= Currency in circulation =

Value of banknotes and coins still issued

In monetary economics, the currency in circulation in a country is the value of
currency or cash (banknotes and coins) that has ever been issued by the country’s monetary authority less the amount that has been removed. More broadly, money in circulation is the total money supply of a country, which can be defined in various ways, but always includes currency and also some types of bank deposits, such as deposits at call.

The published amount of currency in circulation tends to be overstated by an unknown amount. For example, money may have been destroyed, or stored as a form of security (the proverbial “money under the mattress”), or by coin collectors, or held in reserve within the banking system, including currency held by foreign central banks as a foreign exchange reserve asset.

==Domestic demand for currency ==
The currency in circulation in a country is based on the need or demand for cash in the community. The monetary authority of each country (or currency zone) is responsible for ensuring there is enough money in circulation to meet the commercial needs of the economy, and releases additional notes and coins when there is a demand for them.

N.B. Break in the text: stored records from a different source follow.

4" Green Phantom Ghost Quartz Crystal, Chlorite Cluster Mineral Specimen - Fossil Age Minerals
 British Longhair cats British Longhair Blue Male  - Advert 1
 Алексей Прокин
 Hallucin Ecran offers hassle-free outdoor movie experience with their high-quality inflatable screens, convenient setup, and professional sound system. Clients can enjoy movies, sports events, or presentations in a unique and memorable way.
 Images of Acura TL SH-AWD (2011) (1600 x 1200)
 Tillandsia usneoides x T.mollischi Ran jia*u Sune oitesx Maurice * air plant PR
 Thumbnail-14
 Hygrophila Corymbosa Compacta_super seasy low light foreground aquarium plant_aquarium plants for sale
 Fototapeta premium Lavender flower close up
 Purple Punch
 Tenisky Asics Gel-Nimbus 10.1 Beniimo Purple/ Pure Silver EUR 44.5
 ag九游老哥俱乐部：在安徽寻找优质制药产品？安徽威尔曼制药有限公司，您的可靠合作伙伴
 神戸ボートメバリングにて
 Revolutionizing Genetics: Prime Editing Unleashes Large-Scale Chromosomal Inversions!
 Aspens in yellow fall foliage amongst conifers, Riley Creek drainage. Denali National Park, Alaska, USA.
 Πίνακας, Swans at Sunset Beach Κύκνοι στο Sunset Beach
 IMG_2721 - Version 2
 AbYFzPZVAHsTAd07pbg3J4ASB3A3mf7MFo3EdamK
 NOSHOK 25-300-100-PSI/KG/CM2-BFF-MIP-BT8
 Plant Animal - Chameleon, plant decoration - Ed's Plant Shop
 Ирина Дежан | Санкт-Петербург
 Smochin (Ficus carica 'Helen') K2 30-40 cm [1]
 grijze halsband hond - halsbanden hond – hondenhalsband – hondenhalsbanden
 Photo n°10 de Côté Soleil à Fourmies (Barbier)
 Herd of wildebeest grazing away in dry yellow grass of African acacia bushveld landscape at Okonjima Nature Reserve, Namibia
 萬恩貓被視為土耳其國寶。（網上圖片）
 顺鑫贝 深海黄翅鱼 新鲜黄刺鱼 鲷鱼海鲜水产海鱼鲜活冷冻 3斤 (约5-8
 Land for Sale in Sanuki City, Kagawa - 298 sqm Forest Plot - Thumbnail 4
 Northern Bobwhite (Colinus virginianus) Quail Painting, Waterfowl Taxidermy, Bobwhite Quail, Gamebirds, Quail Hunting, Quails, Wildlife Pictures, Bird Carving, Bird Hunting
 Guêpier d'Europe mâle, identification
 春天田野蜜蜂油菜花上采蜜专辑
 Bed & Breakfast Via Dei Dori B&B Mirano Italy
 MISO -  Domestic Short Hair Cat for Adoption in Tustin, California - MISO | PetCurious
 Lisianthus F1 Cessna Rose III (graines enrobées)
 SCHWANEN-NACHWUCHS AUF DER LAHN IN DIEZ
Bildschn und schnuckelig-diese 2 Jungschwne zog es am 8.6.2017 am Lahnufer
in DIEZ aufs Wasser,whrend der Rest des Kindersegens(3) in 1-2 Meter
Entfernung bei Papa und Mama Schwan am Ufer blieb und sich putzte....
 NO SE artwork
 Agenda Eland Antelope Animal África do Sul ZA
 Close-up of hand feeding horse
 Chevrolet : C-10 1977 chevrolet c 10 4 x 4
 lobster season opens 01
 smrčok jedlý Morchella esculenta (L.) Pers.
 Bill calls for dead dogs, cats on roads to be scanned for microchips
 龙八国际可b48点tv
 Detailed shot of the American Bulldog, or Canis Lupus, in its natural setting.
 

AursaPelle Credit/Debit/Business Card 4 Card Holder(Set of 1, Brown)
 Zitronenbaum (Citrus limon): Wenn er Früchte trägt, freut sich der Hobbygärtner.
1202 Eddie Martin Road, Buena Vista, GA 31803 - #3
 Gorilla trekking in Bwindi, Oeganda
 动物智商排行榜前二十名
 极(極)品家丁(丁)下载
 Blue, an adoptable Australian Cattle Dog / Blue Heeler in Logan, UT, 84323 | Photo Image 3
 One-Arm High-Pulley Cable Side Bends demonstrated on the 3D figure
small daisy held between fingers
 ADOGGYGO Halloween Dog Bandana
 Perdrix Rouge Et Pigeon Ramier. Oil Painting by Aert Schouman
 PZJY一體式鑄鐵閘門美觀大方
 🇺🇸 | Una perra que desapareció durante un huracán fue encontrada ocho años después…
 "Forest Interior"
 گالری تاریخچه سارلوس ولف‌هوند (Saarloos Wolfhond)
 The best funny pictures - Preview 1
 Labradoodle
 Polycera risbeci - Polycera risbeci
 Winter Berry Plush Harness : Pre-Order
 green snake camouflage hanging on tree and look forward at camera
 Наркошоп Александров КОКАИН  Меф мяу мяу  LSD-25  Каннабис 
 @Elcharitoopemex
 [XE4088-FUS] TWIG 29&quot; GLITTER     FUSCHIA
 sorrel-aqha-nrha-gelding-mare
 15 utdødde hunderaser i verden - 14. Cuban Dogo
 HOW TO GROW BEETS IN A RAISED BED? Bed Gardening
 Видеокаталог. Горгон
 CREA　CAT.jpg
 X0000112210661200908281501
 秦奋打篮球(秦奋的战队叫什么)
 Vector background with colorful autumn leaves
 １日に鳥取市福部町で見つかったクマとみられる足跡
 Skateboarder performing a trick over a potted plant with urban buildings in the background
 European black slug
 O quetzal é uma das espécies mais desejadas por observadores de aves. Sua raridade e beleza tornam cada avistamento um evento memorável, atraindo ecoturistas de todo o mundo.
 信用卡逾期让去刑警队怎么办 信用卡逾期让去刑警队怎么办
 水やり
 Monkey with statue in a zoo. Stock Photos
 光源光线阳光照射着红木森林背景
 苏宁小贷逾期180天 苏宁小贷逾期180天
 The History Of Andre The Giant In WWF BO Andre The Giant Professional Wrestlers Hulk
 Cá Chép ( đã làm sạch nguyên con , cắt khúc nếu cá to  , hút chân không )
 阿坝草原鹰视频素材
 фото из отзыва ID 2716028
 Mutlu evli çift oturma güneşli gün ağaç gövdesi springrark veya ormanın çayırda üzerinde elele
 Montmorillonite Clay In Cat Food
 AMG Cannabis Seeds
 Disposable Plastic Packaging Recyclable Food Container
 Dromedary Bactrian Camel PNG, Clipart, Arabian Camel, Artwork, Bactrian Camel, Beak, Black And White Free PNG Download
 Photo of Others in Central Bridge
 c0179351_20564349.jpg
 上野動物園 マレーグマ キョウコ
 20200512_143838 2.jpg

Banks would routinely or exceptionally order cash from the monetary authority to meet anticipated demand, and keep it in reserve in the bank. The banking regulator would typically determine the banks’ reserve requirements, including the minimum proportion of a bank’s assets that banks must hold in cash. When banks no longer believe they need as much cash in reserve they would return the cash to the monetary authority. Subject to directives from the regulator, banks tend to keep their cash reserves as low as is prudently necessary, as banks do not earn interest on it, and incur a cost to keep it securely. (The amount taken out of reserve is available for lending, at interest.) The amount of money needed to be at call varies because of a number of factors. For example, in many countries there is a higher demand at Christmas time when commercial activity is highest. Also, when workers were paid in cash, there was a higher demand for pay-day. There may also be sudden, unexpected surges in demand for cash by individuals during economic panics, which may result in a "run on the bank" as individuals seek to withdraw money from bank accounts. Cash held by banks is counted as part of the currency in circulation.

Cash that is in the hands of individuals and businesses in the community may be needed for routine or exceptional purchases or held in reserve. Nowadays, a large part of everyday transactions is effected using electronic funds transfers, without the use of cash. When a business makes a cash sale, it will keep the cash it receives until it pays it to someone else or deposits it into a bank account, keeping part of it in its "float", in order to give change to customers. A significant part of the cash in circulation is used by and held within the black economy.

==Foreign currency reserves==

Central banks of many countries hold currency of another country in their foreign exchange reserves, which can include banknotes, deposits, bonds, treasury bills and other government securities. The cash component is counted by the issuing central bank as part of its currency in circulation.

== Total currency in circulation ==
In 1990, total currency in circulation in the world passed the equivalent of one trillion United States dollars. After 12 years, in 2002 this figure was two trillion USD, and in 2008 it had increased to four trillion USD. (These figures do not make allowance for inflation or population changes.)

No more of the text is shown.